Another ecosystem, boundless and disenchanted by difference, is imagined and temporarily created in daaance. With three aaa’s, daaance rather than dance encompasses movement, singing, drumming, reverence, language, food, sacrifice, ritual, politics, politricks, and passion. This other ecosystem, perpetually negating systematicity, is a space and a short-offered time where inter- and intra-subjective play, sounding out, and daaance allow for different futures to be imagined and new forms of human-ing that embraces relations with non-human animals and life and death to be practiced. It is a refusal of exclusion and a move towards making inequity inexact.
In introducing Trans-Caribbean-Thought a queer cousin of decoloniality, critical race studies, postcoloniality, Marxism, and Feminism an extra option is offered for keepers of nonconformity to remain transmitters of one-pluriversal Love.

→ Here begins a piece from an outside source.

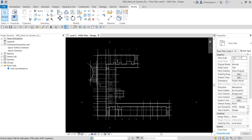A Revit MEP system is the logical connection between system components such as air terminals and mechanical equipment. This logical connection allows Revit MEP to perform various analyses including energy analysis. You create air systems by placing air terminals and mechanical equipment, then create the logical connection between the system components. After creating the logical connection, you then create ductwork to physically connect the system components.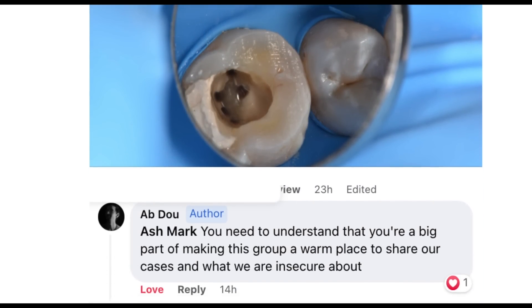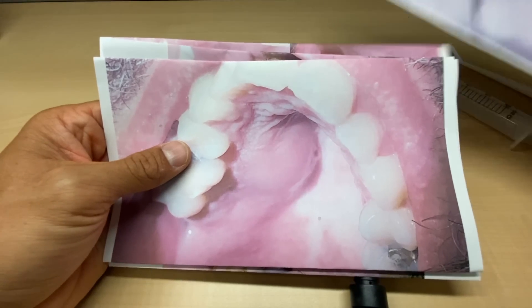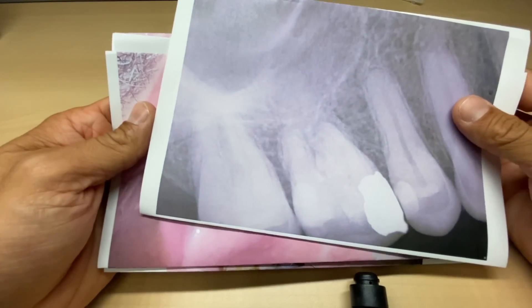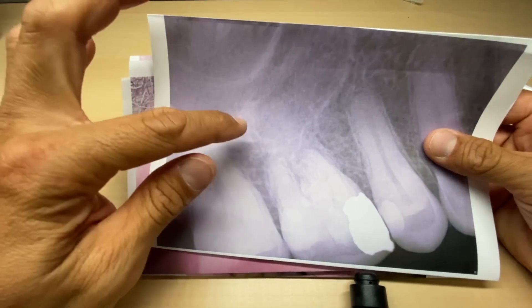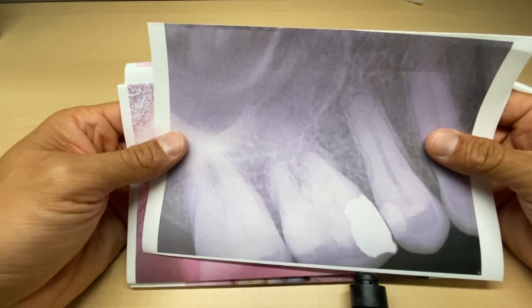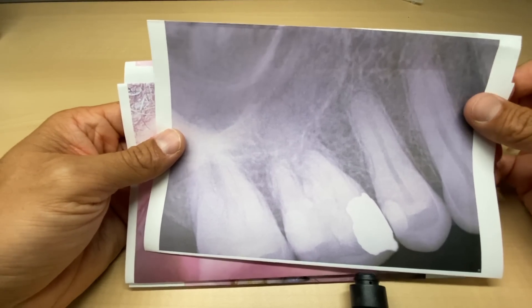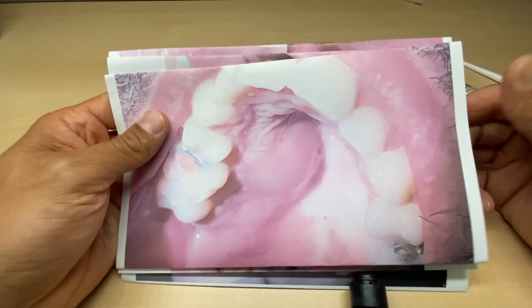Back to the show. When we take a look at this periapical radiograph, we know there might be a lesion. There's probably some resorption and the palatal canal is going to be large. I want to address that right now.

Dr. Francio Guadeloupe is senior researcher at the Royal Netherlands Institute for Southeast Asian and Caribbean studies and Associate Professor in Social and Cultural Anthropology at the University of Amsterdam. He is author of Chanting Down the New Jerusalem: Calypso, Christianity, and Capitalism in the Caribbean (University of California Press, 2009) and Black Man in the Netherlands: an Afro-Antillean Anthropology (University Press of Mississippi, 2022).
Hybrid Event (see registration link below)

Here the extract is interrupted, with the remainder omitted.